> **Dataset entries**
------------------------------
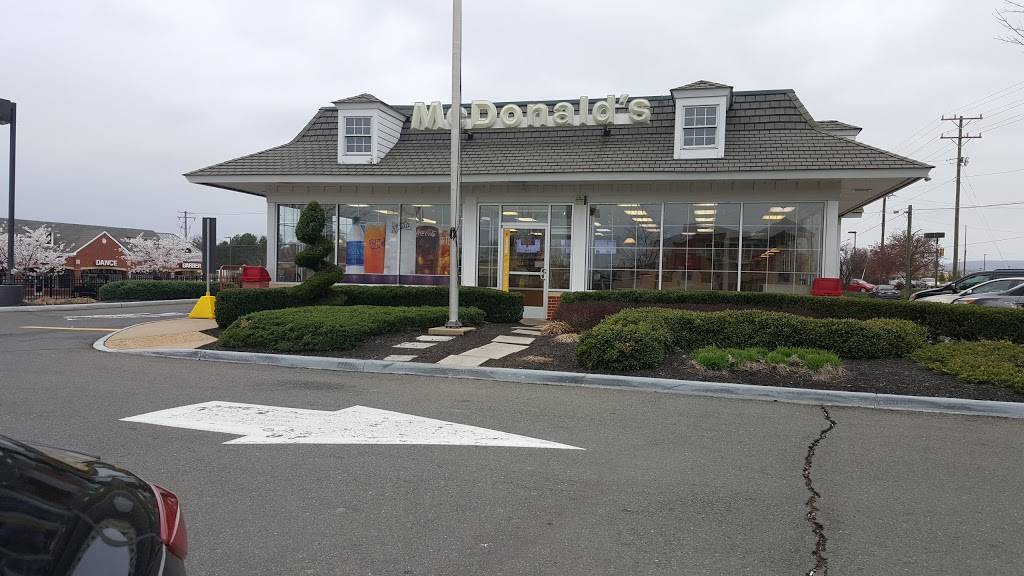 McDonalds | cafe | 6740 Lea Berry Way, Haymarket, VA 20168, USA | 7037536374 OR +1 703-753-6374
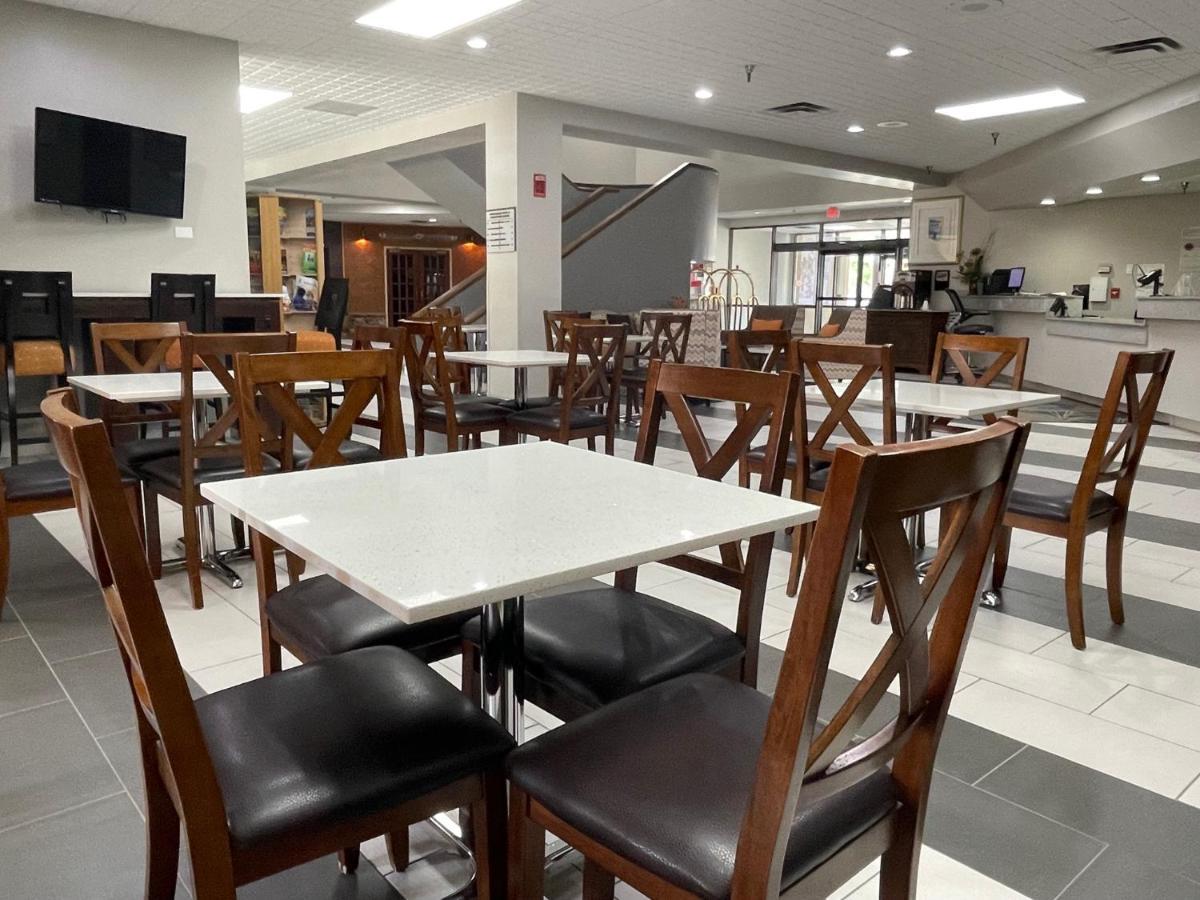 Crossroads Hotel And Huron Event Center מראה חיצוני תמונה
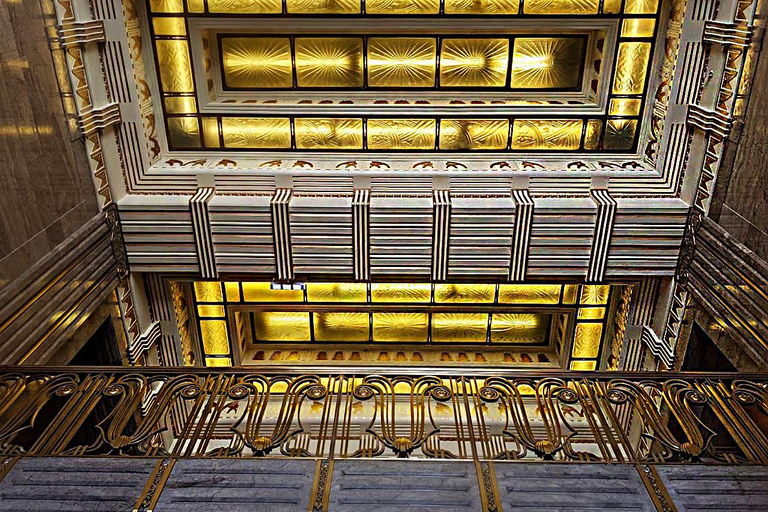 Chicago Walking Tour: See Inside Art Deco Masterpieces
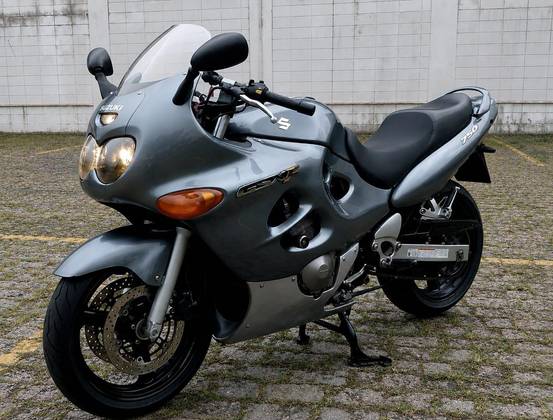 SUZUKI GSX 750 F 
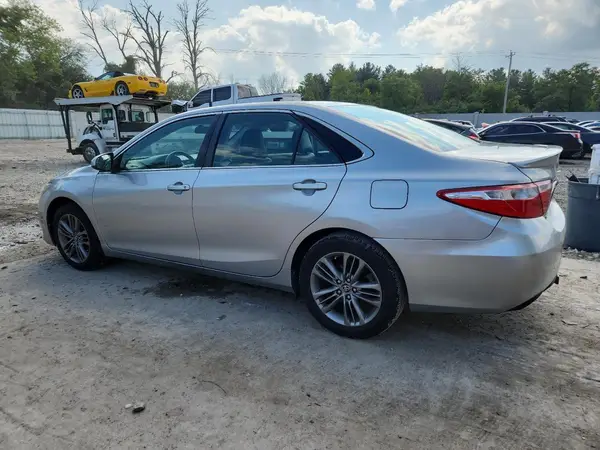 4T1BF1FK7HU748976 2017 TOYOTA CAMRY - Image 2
------------------------------
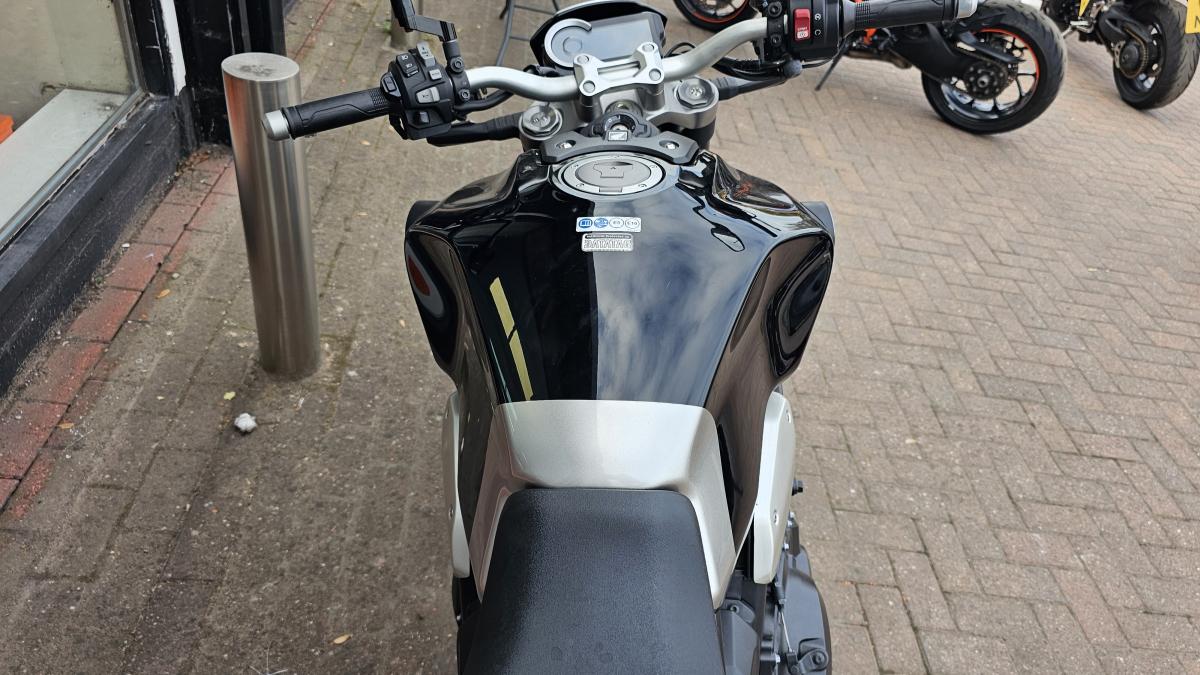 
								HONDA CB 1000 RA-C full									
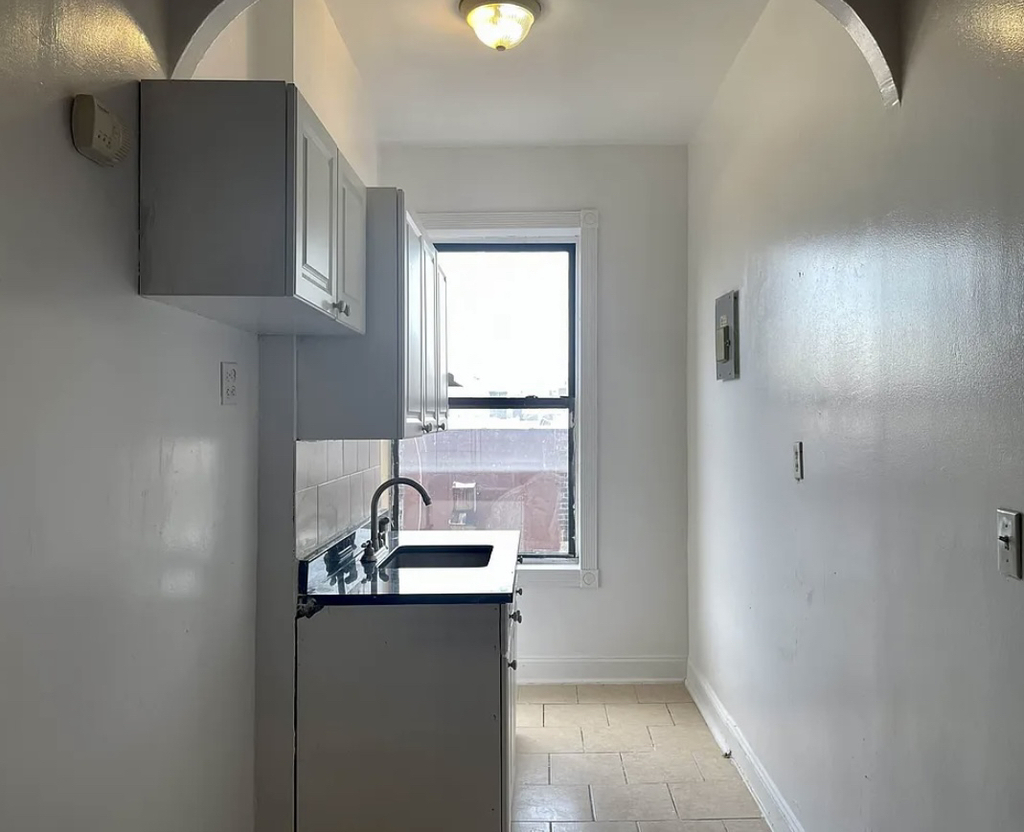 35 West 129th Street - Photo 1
------------------------------
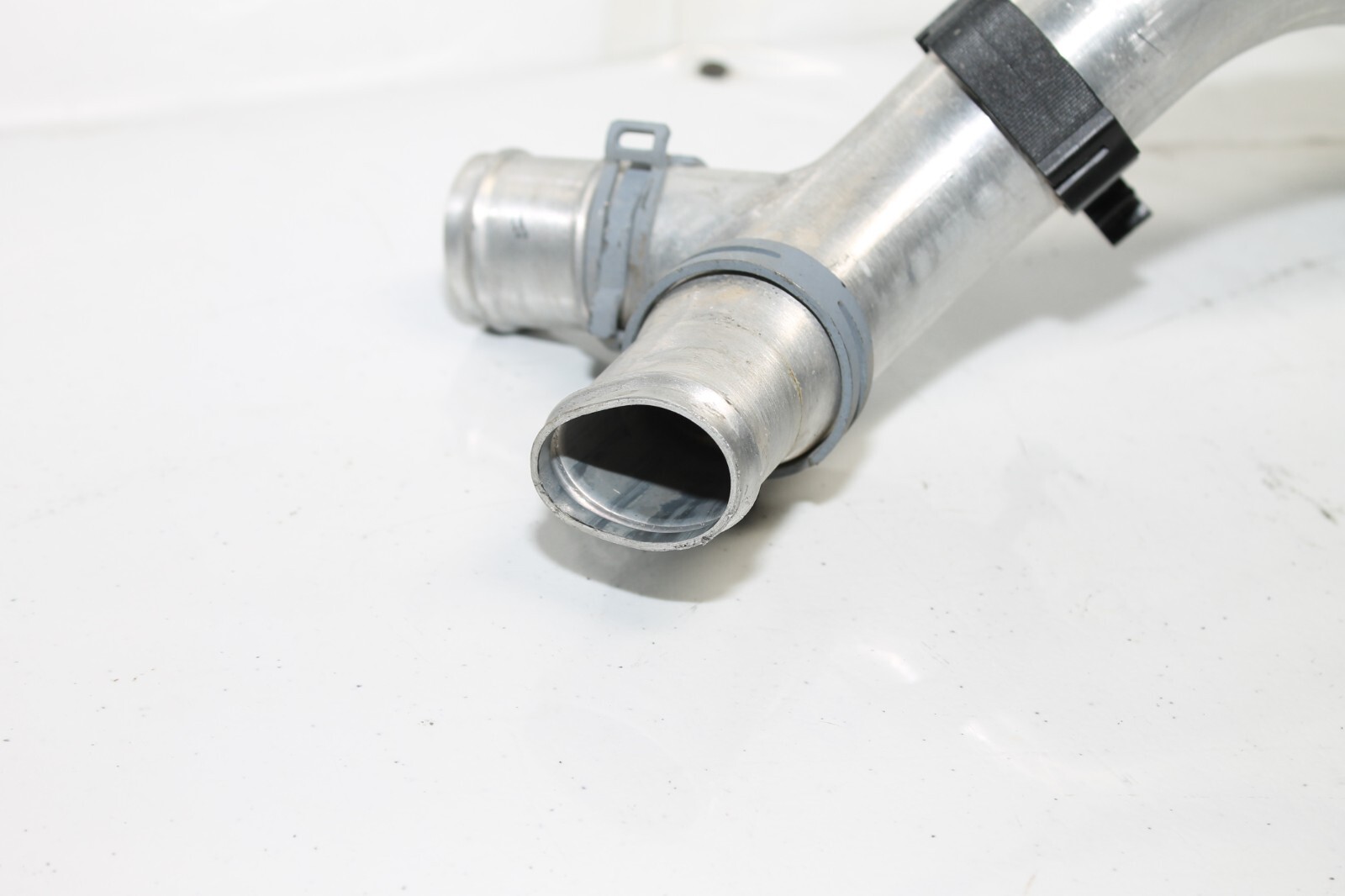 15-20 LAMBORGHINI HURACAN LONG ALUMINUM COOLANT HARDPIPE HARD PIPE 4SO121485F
------------------------------
> **Prompt**
Restate word for word every line from the one with "McDonalds | cafe" up to and including the one with "4T1BF1FK7HU748976 2017 TOYOTA" in the records above, minus the pictures.

> **Task solution**
 McDonalds | cafe | 6740 Lea Berry Way, Haymarket, VA 20168, USA | 7037536374 OR +1 703-753-6374
 Crossroads Hotel And Huron Event Center מראה חיצוני תמונה
 Chicago Walking Tour: See Inside Art Deco Masterpieces
 SUZUKI GSX 750 F 
 4T1BF1FK7HU748976 2017 TOYOTA CAMRY - Image 2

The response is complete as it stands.